In un recente articolo apparso su La Repubblica, alcuni colleghi hanno effettuato una ricerca tramite Marinetraffic, il sito che dà la possibilità di tracciare la presenza di navi e i loro spostamenti in una determinata area circoscritta. Il loro, è ovviamente un risultato senza evidenze scientifiche, perché non tutte le imbarcazioni danno la loro posizione esatta rispetto alla portata d’acqua nella quale si trovano ma, MarineTraffic, consente di poter rilevare, in base a chi gli fornisce le coordinate, anche informazioni relative alla loro identità. Ci informa cioè se si tratta di navi mercantili, navi passeggeri, barche da pesca o imbarcazioni da diporto e, addirittura di quante persone trasporta.
I colleghi, inserendo la posizione di Nuova Iside, (San Vito lo Capo e Ustica) e prevedendone il margine di scostamento di errore (tra le 21:40 del 12 maggio e le 3:00 del 13 maggio), ci fanno notare che, intorno alle 22:50, passava nella rotta del peschereccio una petroliera. Come già evidenziato (QUI) lo stesso avvocato Ruffino era stato certosino nel riportare gli orari dei messaggi sia del blu box (21,45) con il quale si dà la posizione del peschereccio, sia quelli Whatsapp scambiati con la famiglia alle 22,33.

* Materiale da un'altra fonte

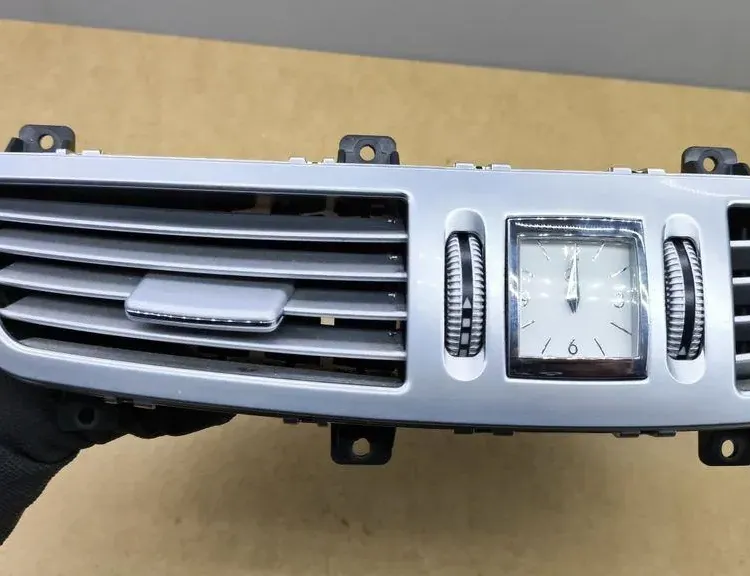 MERCEDES-BENZ S-Class W221 (2005-2013) Вентиляционные отверстия центральной консоли A2218300954,05569000 33117898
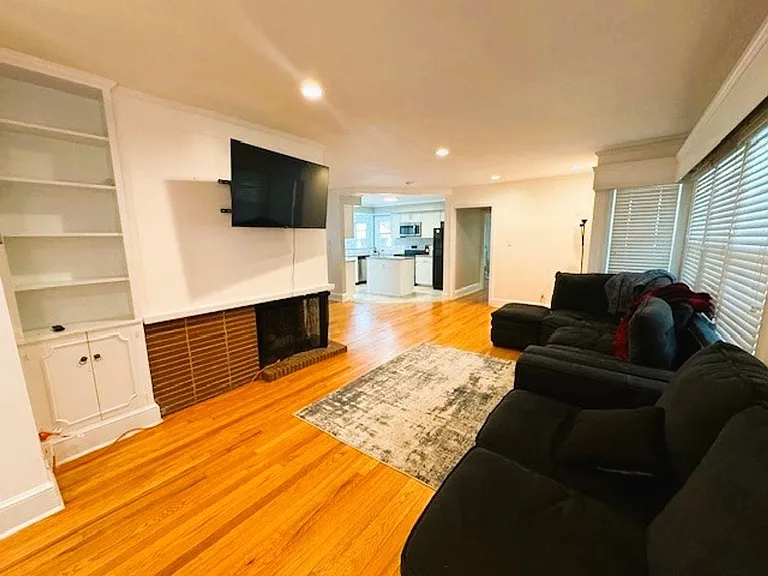 405 N Holden Rd — Photo 6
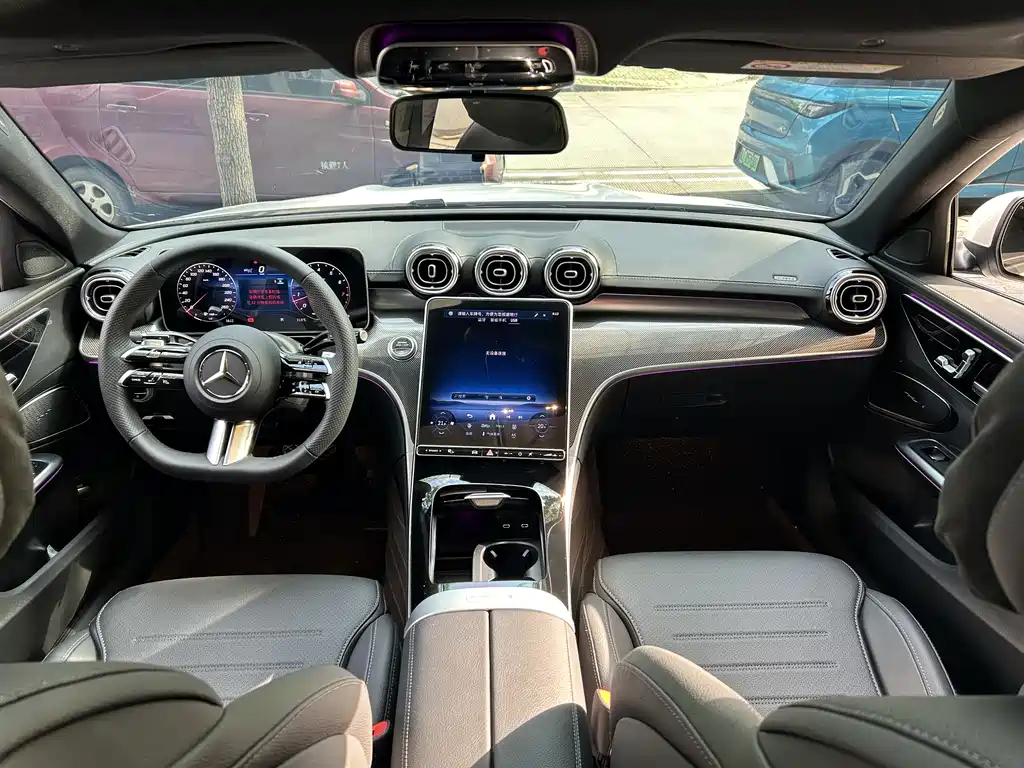 Mercedes-Benz C-Class 2025 — фото 13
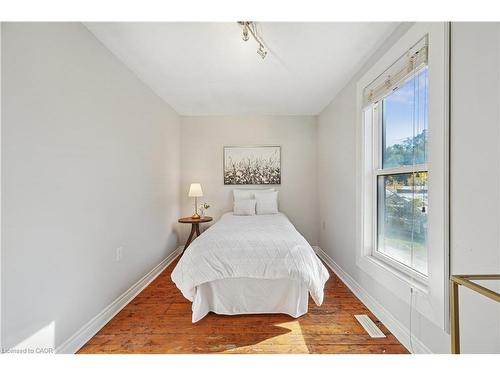 2055 Embleton Road, Brampton, ON - Indoor Photo Showing Bedroom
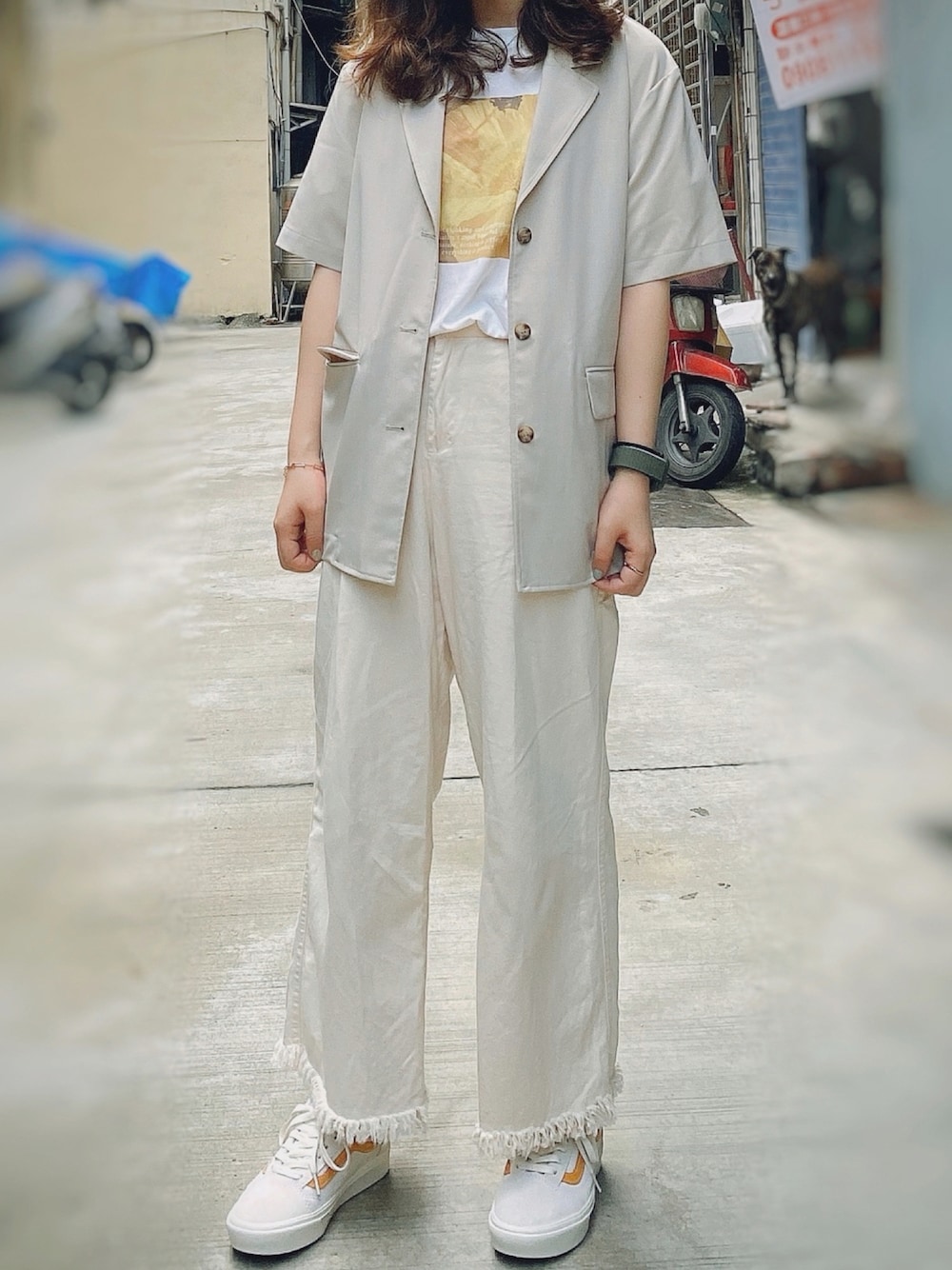 「ootd、コーディネート、outfit」｜「LOWRYS FARMのリネンライクジャケットＳＳ　933163（テーラードジャケット、ホワイト系）」を使った、ずずさん（レディース・160cm）の秋コーディネートの1枚目の写真
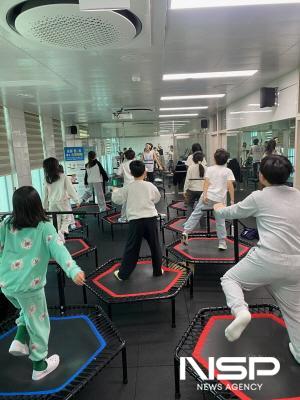 NSP통신-방학맞이 어린이 점핑 교실 (사진 = 광양시청)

Francesco Cortese e Giorgio Ruta, hanno quindi contattato l’armatore della petroliera e tramite il responsabile delle relazioni esterne, è arrivata la confermata della presenza dell’imbarcazione quella sera in quella rotta ma «l’equipaggio non ha sentito né visto nulla e per questo non hanno potuto prestare assistenza. Il tratto di mare dove navigavano è molto grande». Ma assistenza a chi o che cosa se non hanno visto o sentito? Già, il mare è grande abbastanza da costringere però la stessa imbarcazione a rallentare. Intorno alle 23, scrive Repubblica, la nave ha un improvviso calo di velocità: passa da 12,3 a 11,9 nodi. Un piccolissimo rallentamento determinato da innumerevoli fattori ma che la notte tra l’11 e il 12 maggio ne vuole solo uno: verità, quella che prima o poi verrà a galla.